Berikut poin penting dalam pernyataan sikap IKF Mimika selengkapnya:

  1. Dugaan Pelanggaran Hak Asasi Manusia (HAM)

Putusan PTDH ini terkesan sangat terburu-buru dan diputus atas tekanan publik terhadap Polri akhir-akhir ini. Putusan yang terburu-buru tersebut mengakibatkan Kompol Kosmas tidak dapat melakukan pembelaan diri yang sepatutnya. Dalam hal ini hak untuk mendapatkan proses peradilan yang berkeadilan tidak didapatkan oleh Kompol Kosmas.

  1. Dugaan Pengabaian atas Fakta di Tempat Kejadian Perkara (TKP)

Fakta pertama, Kompol Kosmas, pada saat kejadian, sedang menjalankan Tugas Negara.

”SADAR

Fakta kedua, ada kumpulan massa dalam jumlah besar yang sedang melakukan unjuk rasa di jalan yang dilalui oleh kendaraan yang memuat Kompol Kosmas dan tim.

Fakta ketiga, Kompol Kosmas bukanlah orang yang mengemudikan kendaraan yang menabrak korban.

Fakta keempat, Kompol Kosmas dijatuhi sanksi paling tinggi dibandingkan anggota tim lainnya.

Berdasarkan fakta-fakta di atas dan membandingkannya dengan putusan yang dijatuhkan, tampak jelas ada diskriminasi terhadap Kompol Kosmas.

  1. Pengabaian terhadap prestasi dan kesetiaan dalam pengabdian kepada Negara

Kompol Kosmas telah menorehkan banyak prestasi serta mengabdikan jiwa raganya demi institusi Polri dan Negara. Tidak adil apabila seluruh pengabdian dan jasanya dihapus hanya karena dugaan yang tidak sesuai fakta.

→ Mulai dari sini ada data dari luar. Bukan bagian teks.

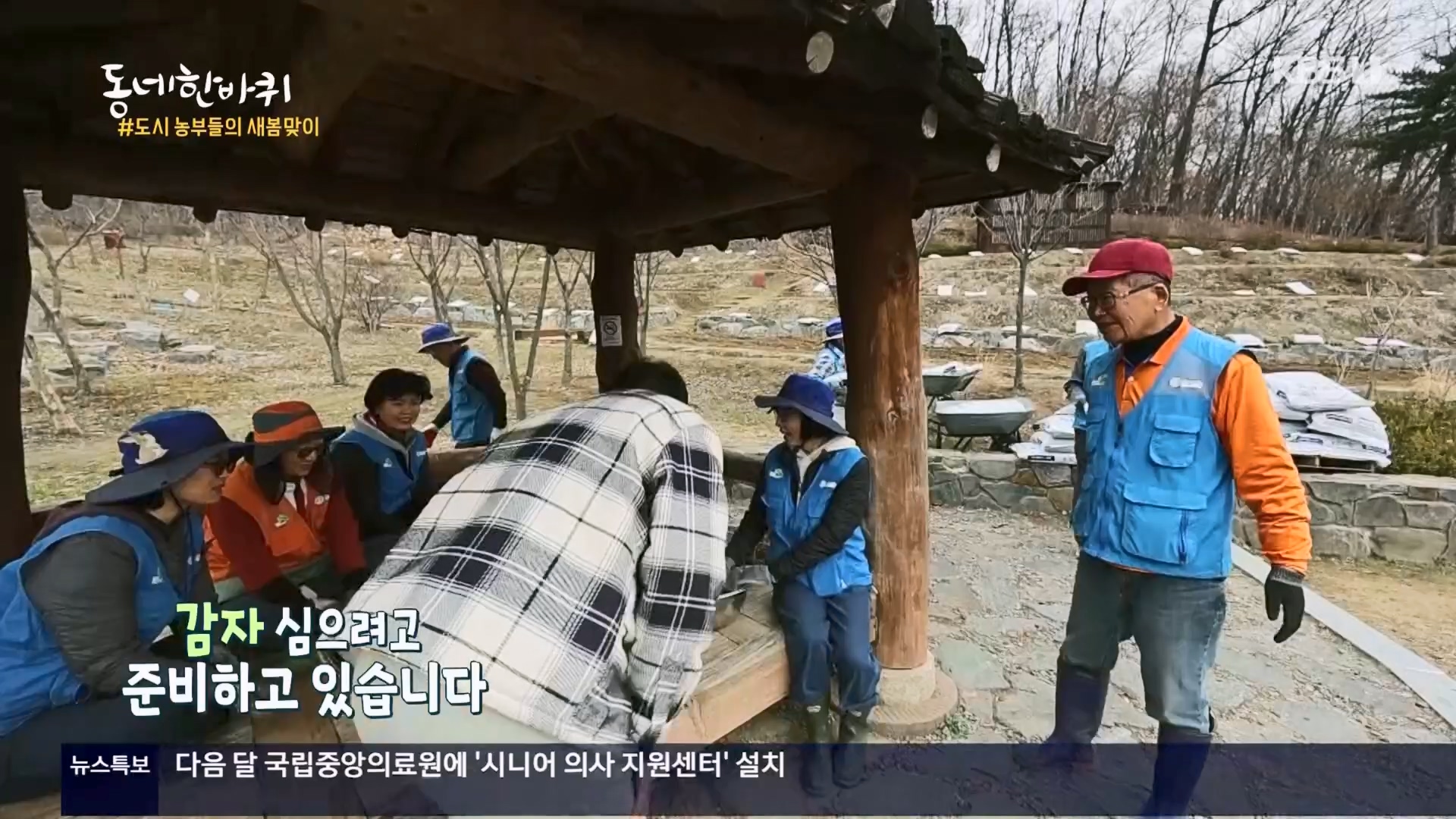 동네 한 바퀴.E263.240323p.H264-F1RST.mp4_20240327_195948.953.jpg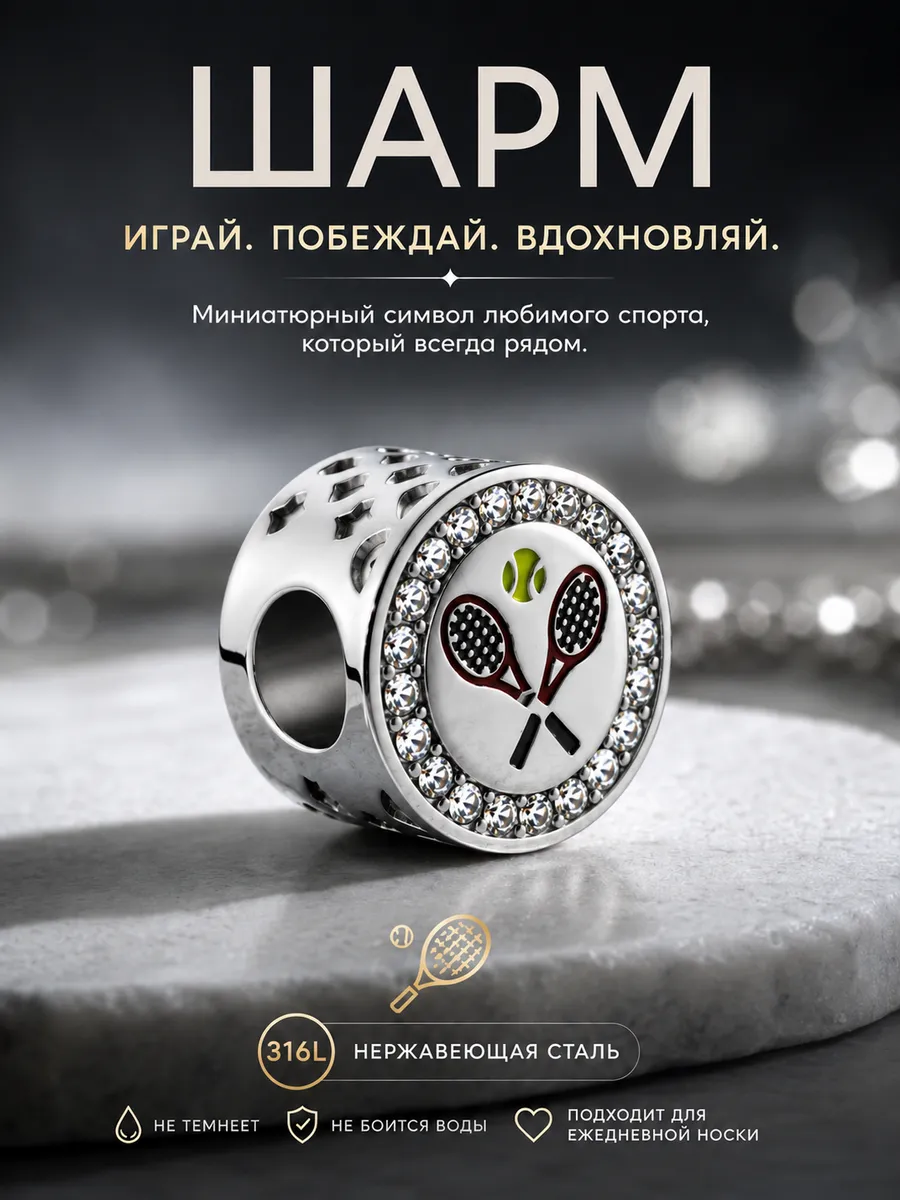 Шарм подвеска на браслет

  1. Pengabaian Aspek Kemanusiaan

Sebagai kepala keluarga, Kompol Kosmas memiliki tanggung jawab terhadap istri dan anak-anaknya. Putusan terburu-buru yang dilakukan atas tekanan publik oleh Komisi Kode Etik Kepolisian telah menghancurkan masa depan keluarganya.

  1. Pernyataan Sikap

Mempertimbangkan hal-hal di atas, kami Keluarga Besar Flobamora Mimika Papua Tengah, menyatakan dengan tegas:

  1. Menolak keras Putusan PTDH oleh Komisi Kode Etik Kepolisian terhadap Kompol Kosmas Kaju Gae yang dalam proses pemeriksaannya tidak taat asas, terburu-buru, mengabaikan fakta-fakta hukum, dan hanya didasarkan pada tekanan publik semata.
  2. Mendesak Pimpinan Polri untuk segera meninjau kembali keputusan tersebut secara objektif, transparan, dan adil.
  3. Menuntut agar setiap penjatuhan sanki wajib dilakukan dengan menghormati hak asasi manusia serta taat pada prinsip due process of law.
  4. Mengingatkan bahwa Polri tidak boleh mengorbankan anggotanya demi memenuhi tekanan politik atau opini publik sesaat.
  5. Mengajak seluruh masyarakat, khususnya warga NTT di seluruh Indonesia, untuk mengawal persoalan ini sampai keadilan benar-benar ditegakkan.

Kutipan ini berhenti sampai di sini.